Exercise instructions
Reproduce the data below word for word, setting aside any picture it holds.

The data
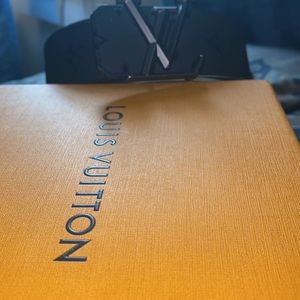 Louis Vuitton Belt with dust bag and box Authentic and a great look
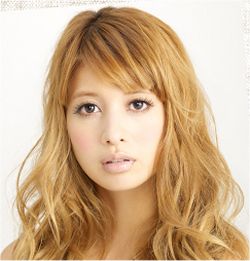 吉川ひなの - タレント、モデル、女優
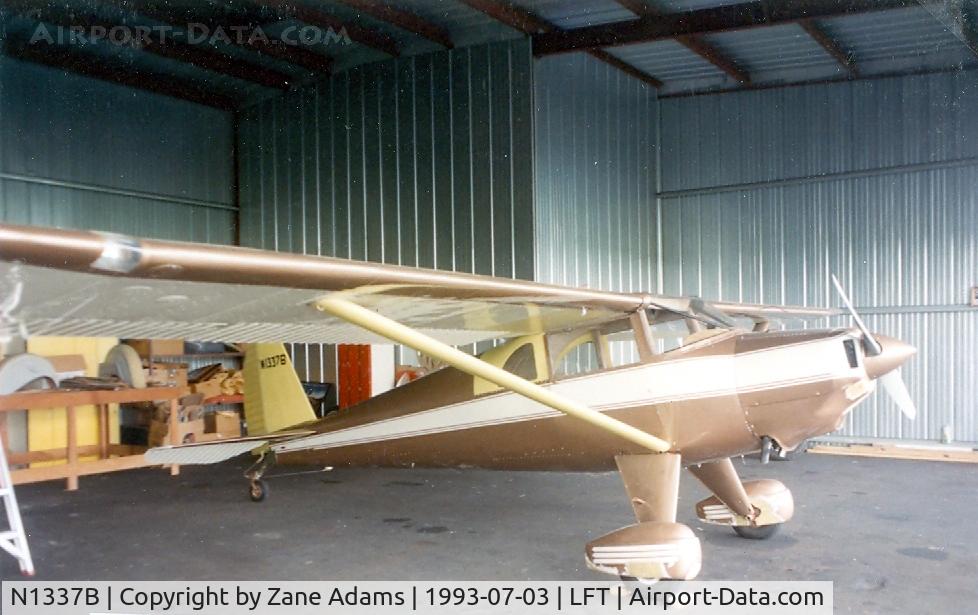 N1337B, 1948 Luscombe 8E Silvaire C/N 5964, At Lafayette, LA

Solution to this exercise
 Louis Vuitton Belt with dust bag and box Authentic and a great look
 吉川ひなの - タレント、モデル、女優
 N1337B, 1948 Luscombe 8E Silvaire C/N 5964, At Lafayette, LA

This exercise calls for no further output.